[TO DO]: Within the records below, repeat each line exactly but keep every picture out of the copy.
━━━━━ RECORD EXCERPTS
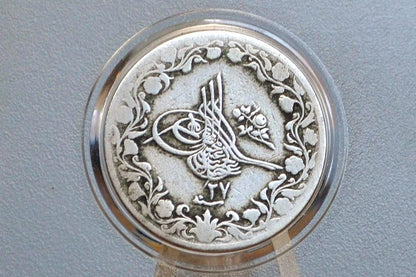 5/10 Qirsh Abdul Hamid II 1884 - 1884 Abdul Hamid II 5/10 Qirsh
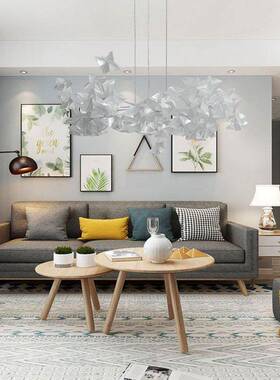 意大利Slmp现1474轻奢a卧室客厅代花瓣吊灯设计师厅创意简约艺术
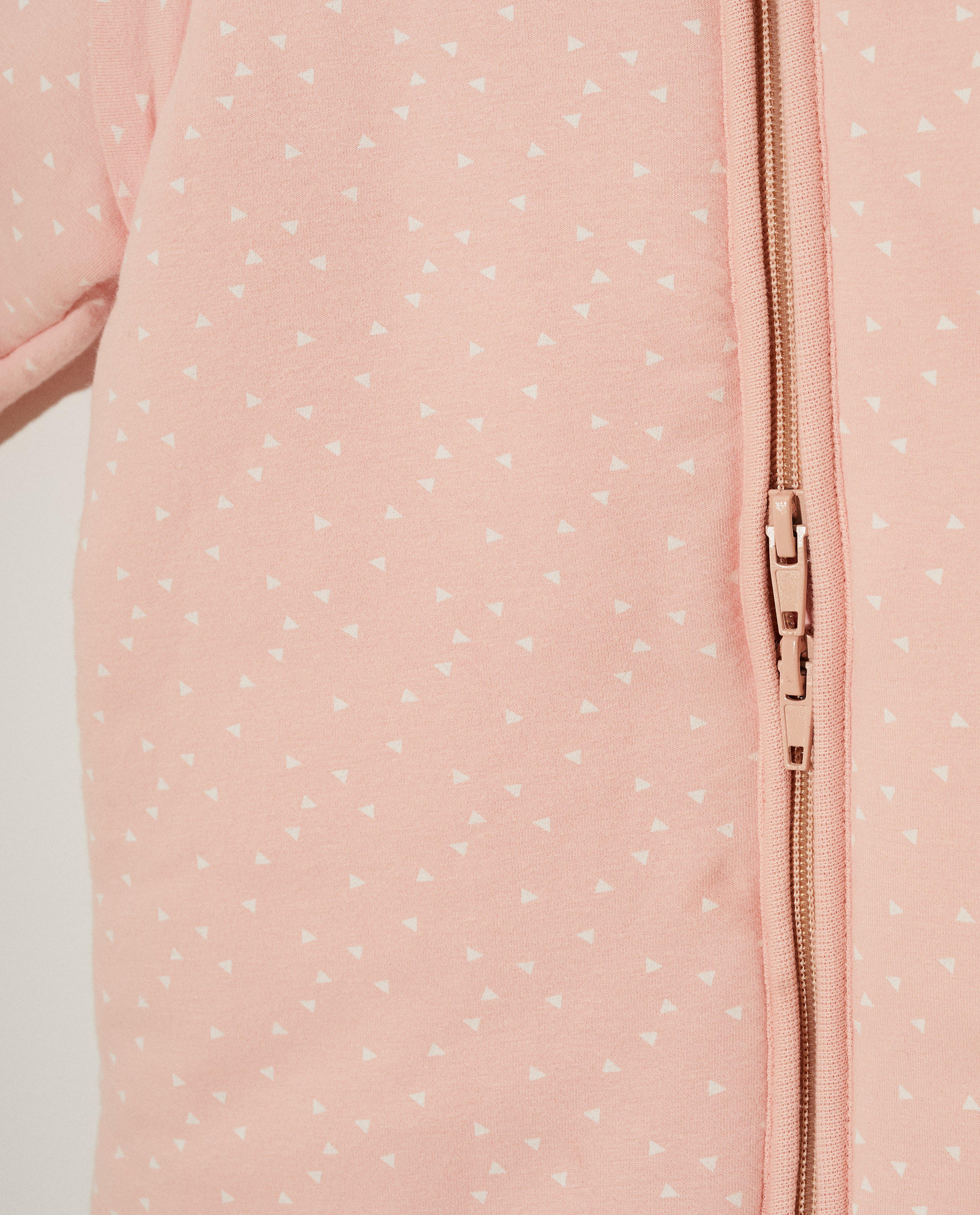 Accessoires pour bébés - Sac de couchage rose en coton bio
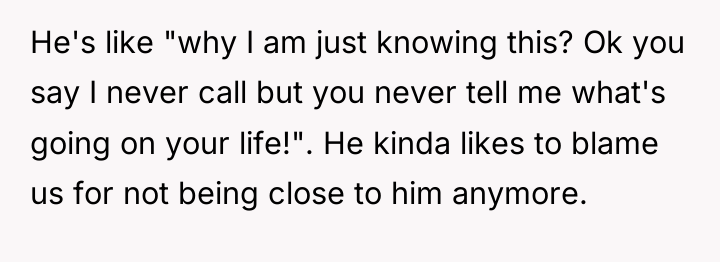 He's like "why I am just knowing this? Ok you...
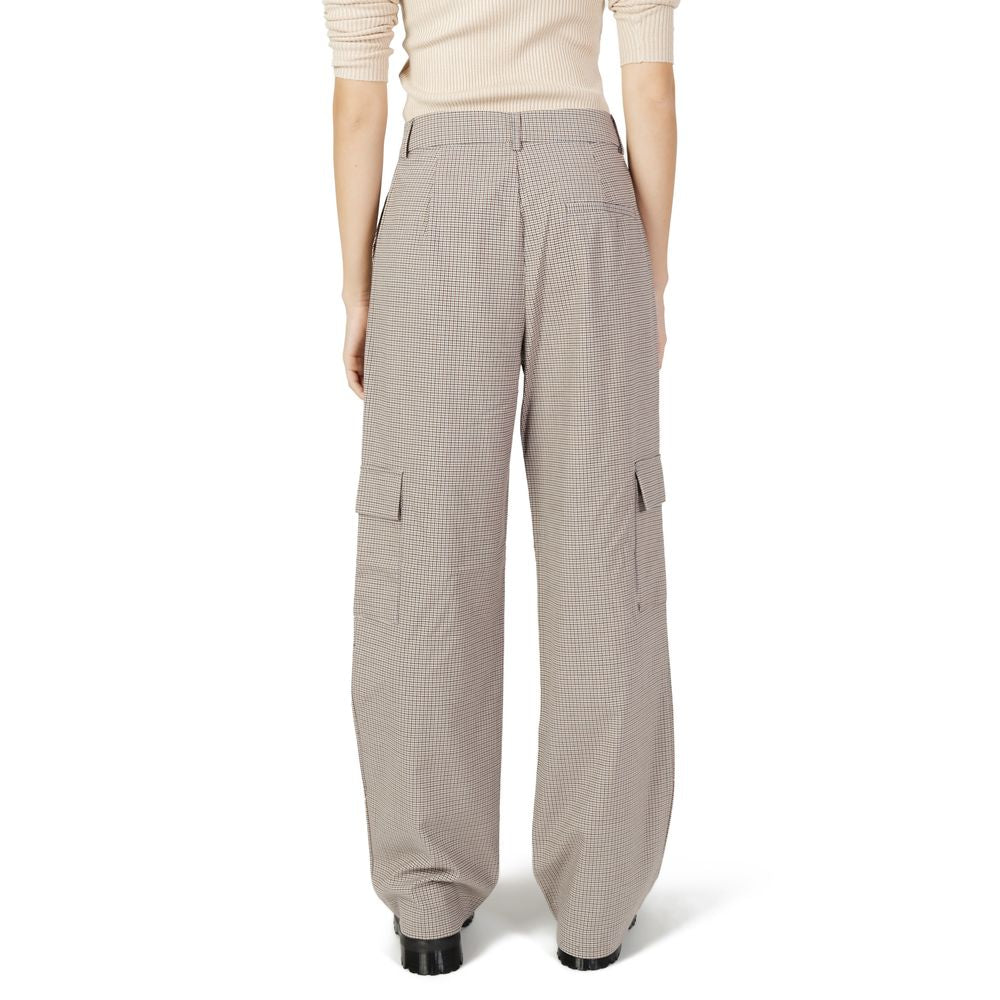 Only Beige Polyester Pant Only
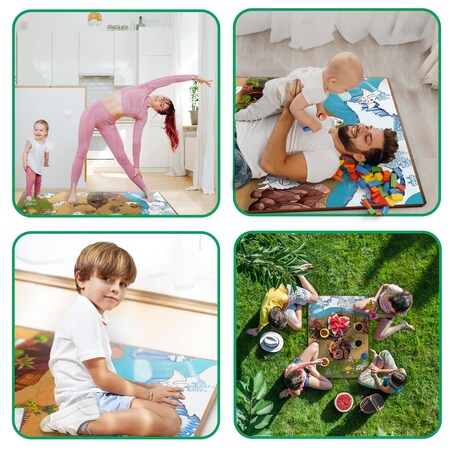 Mata edukacyjna piankowa dywan do malowania 92x120 cm zmywalna Ricokids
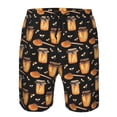 thumbnail image 3 of Balery Bee and Honey Traje de Baño Estilo Hawaiano para Hombre, Shorts de Secado Rápido con Bolsillos-Large, 3 of 6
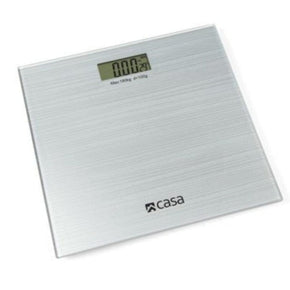 CASA Kitchen SCALE Casa Electronic Sparkle Bathroom Glass Scale Argento CBSGS01A (7242199007321)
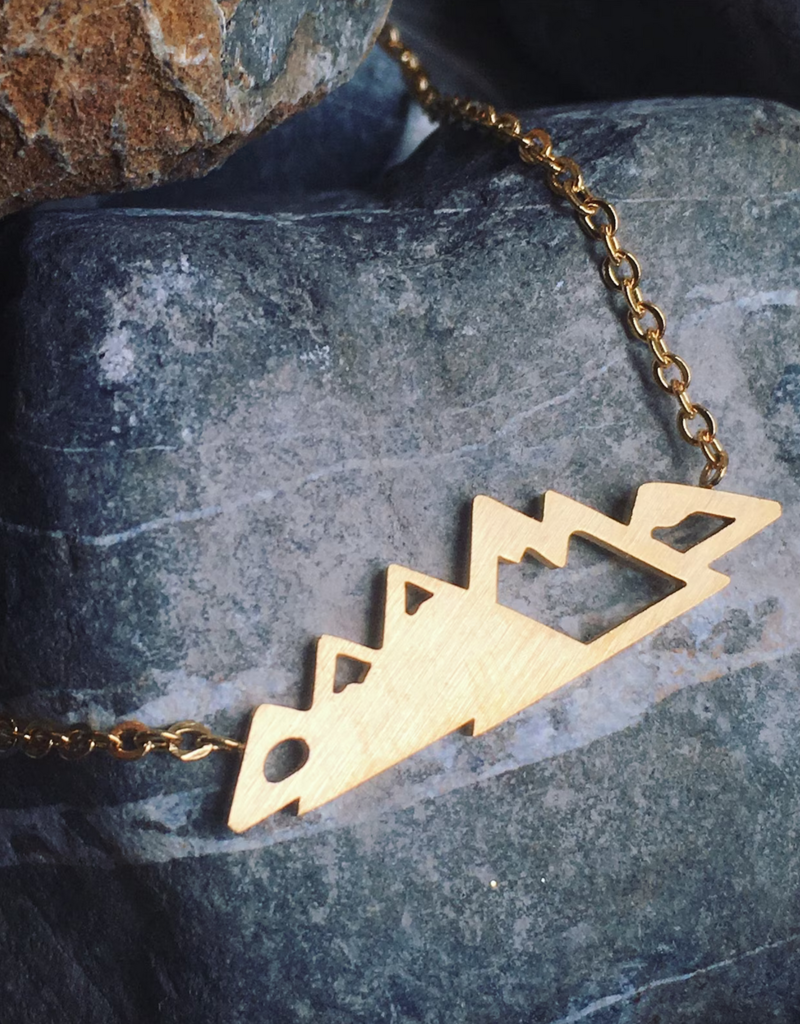 'Rundle' Stainless Steel Mountain Necklace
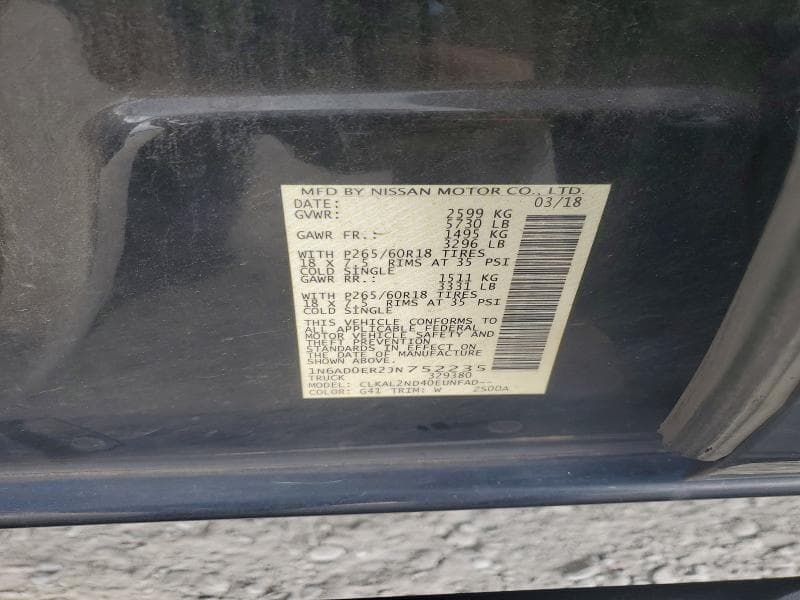 2018 NISSAN FRONTIER SV 12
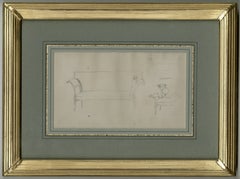 Stanford White, drawing, sofe, chair, architect, Davis Galleries 1963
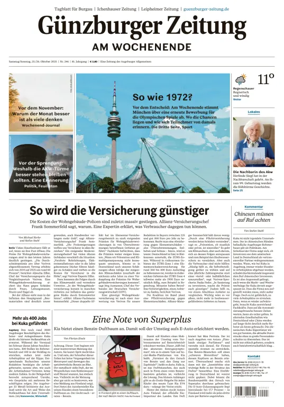 Cover of Guenzburger Zeitung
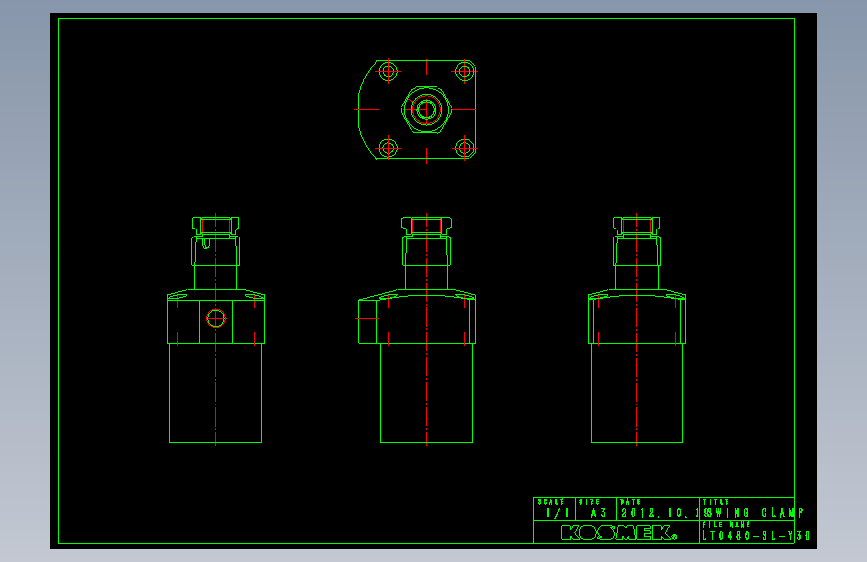 KOSMEKLT0480-SL-Y30多系列多零件图纸模型多系列多零件图纸模型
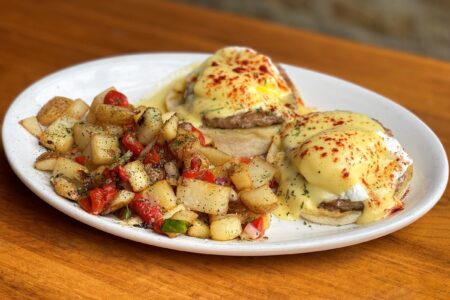 Benedict One 6 25 21 2 for New Year’s Day Bloodys, Bubbles & Brunch at Mac's Wood Grilled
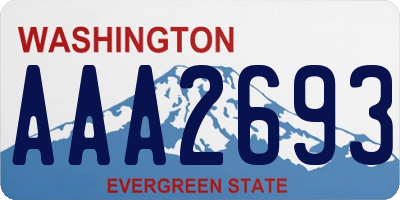 WA license plate AAA2693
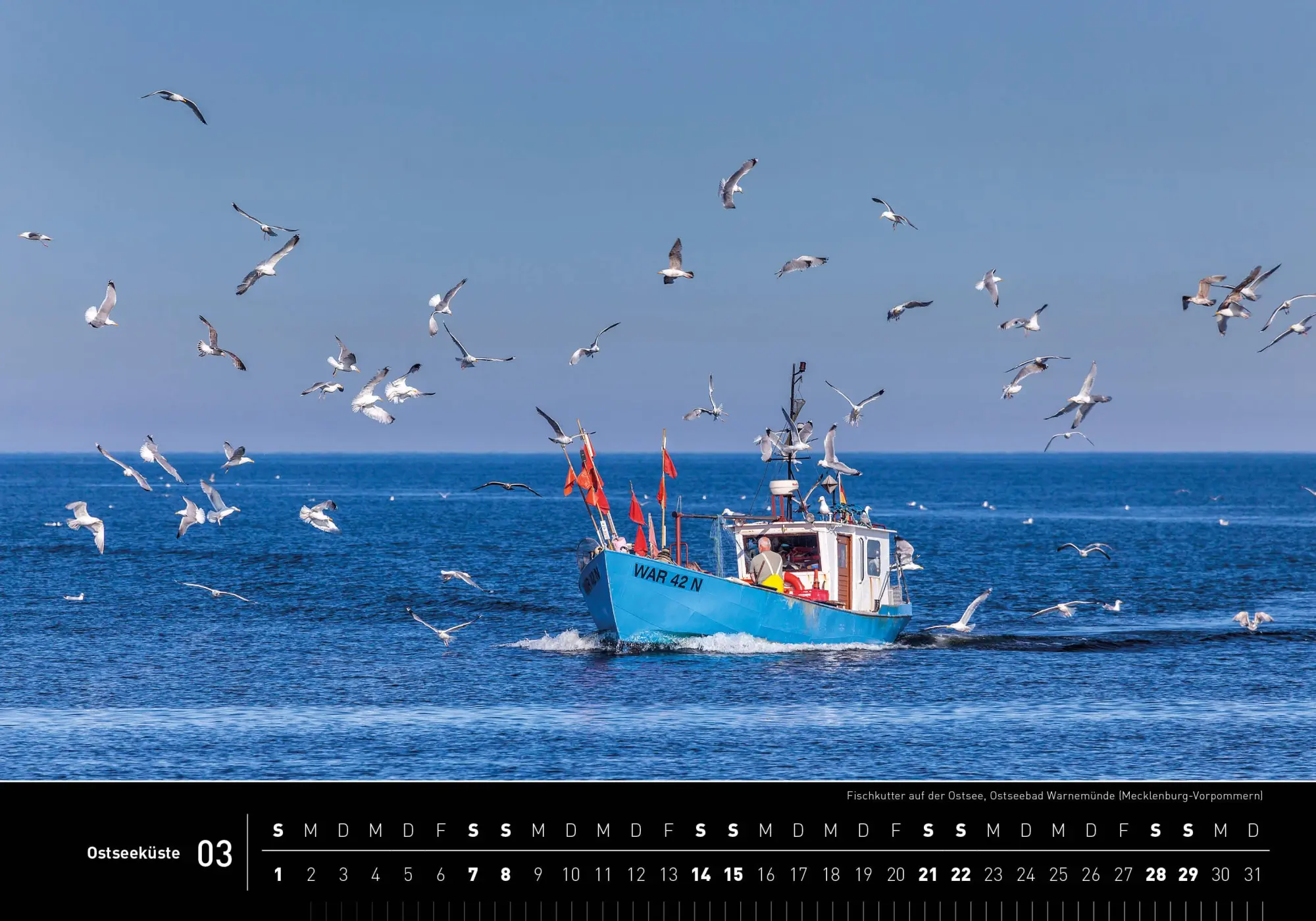 Bild: 9783968556246 | Ostseeküste Premiumkalender 2026 | Christian Bäck | Kalender | 14 S.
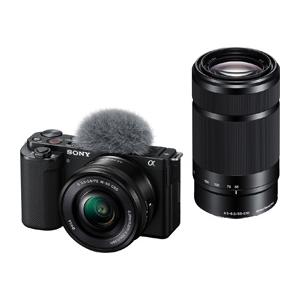 SONY VLOGCAM ZV-E10Y ダブルズームレンズキット （ブラック） JAN末番128637｜araicamera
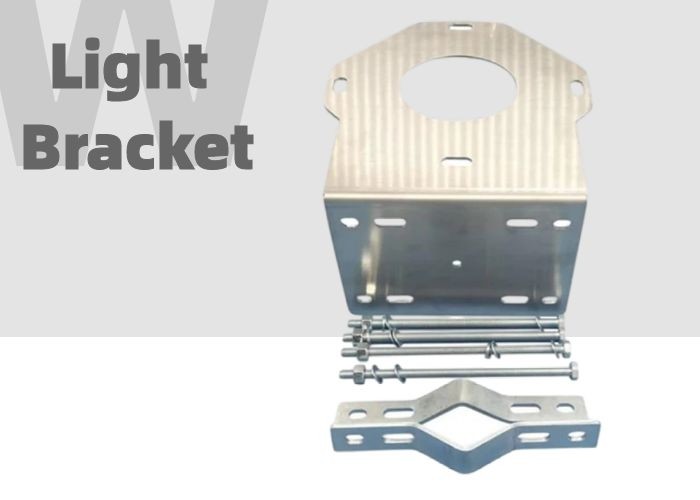 Solar Obstruction Light Mounting Brackets 304 316 Stainless Steel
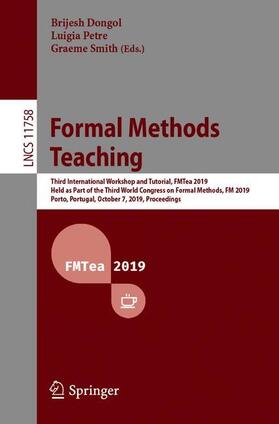Dongol / Smith / Petre |  Formal Methods Teaching | Buch |  Sack Fachmedien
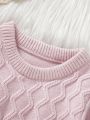 Baby Girls' Ruffle Hem Sweater Dress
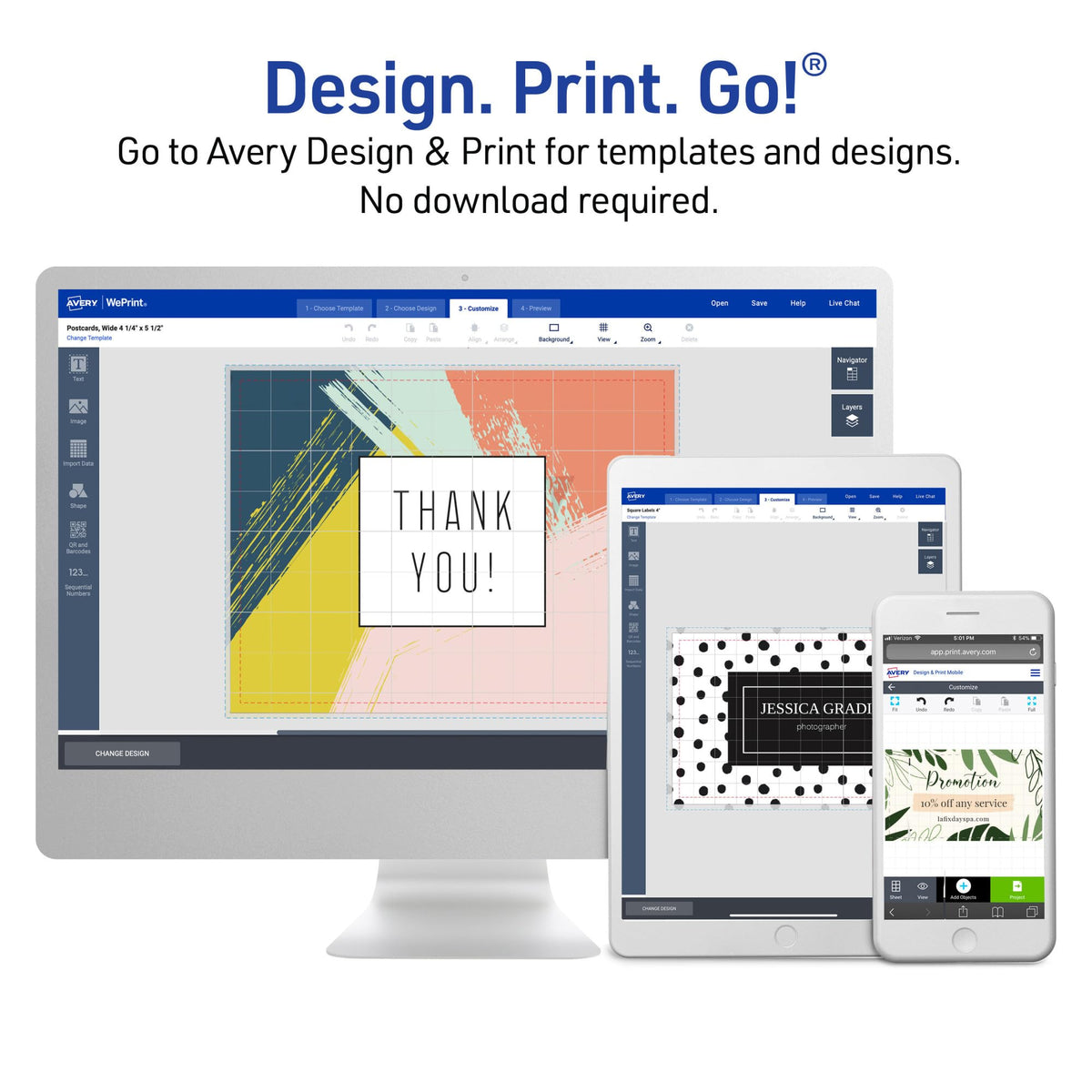 Avery Card Stock 5011, 1-7/16" x 3-3/4" - 150 Cards – view 9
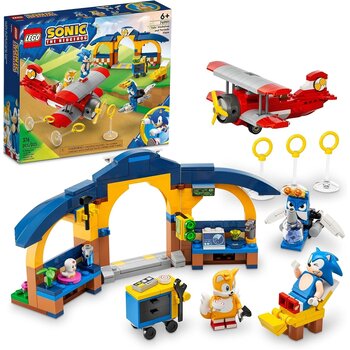 Lego Lego Sonic Tails' Workshop and Tornado Plane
━━━━━━━━━━
[SOLVED PROBLEM]:
 5/10 Qirsh Abdul Hamid II 1884 - 1884 Abdul Hamid II 5/10 Qirsh
 意大利Slmp现1474轻奢a卧室客厅代花瓣吊灯设计师厅创意简约艺术
 Accessoires pour bébés - Sac de couchage rose en coton bio
 He's like "why I am just knowing this? Ok you...
 Only Beige Polyester Pant Only
 Mata edukacyjna piankowa dywan do malowania 92x120 cm zmywalna Ricokids
 thumbnail image 3 of Balery Bee and Honey Traje de Baño Estilo Hawaiano para Hombre, Shorts de Secado Rápido con Bolsillos-Large, 3 of 6
 CASA Kitchen SCALE Casa Electronic Sparkle Bathroom Glass Scale Argento CBSGS01A (7242199007321)
 'Rundle' Stainless Steel Mountain Necklace
 2018 NISSAN FRONTIER SV 12
 Stanford White, drawing, sofe, chair, architect, Davis Galleries 1963
 Cover of Guenzburger Zeitung
 KOSMEKLT0480-SL-Y30多系列多零件图纸模型多系列多零件图纸模型
 Benedict One 6 25 21 2 for New Year’s Day Bloodys, Bubbles & Brunch at Mac's Wood Grilled
 WA license plate AAA2693
 Bild: 9783968556246 | Ostseeküste Premiumkalender 2026 | Christian Bäck | Kalender | 14 S.
 SONY VLOGCAM ZV-E10Y ダブルズームレンズキット （ブラック） JAN末番128637｜araicamera
 Solar Obstruction Light Mounting Brackets 304 316 Stainless Steel
Dongol / Smith / Petre |  Formal Methods Teaching | Buch |  Sack Fachmedien
 Baby Girls' Ruffle Hem Sweater Dress
 Avery Card Stock 5011, 1-7/16" x 3-3/4" - 150 Cards – view 9
 Lego Lego Sonic Tails' Workshop and Tornado Plane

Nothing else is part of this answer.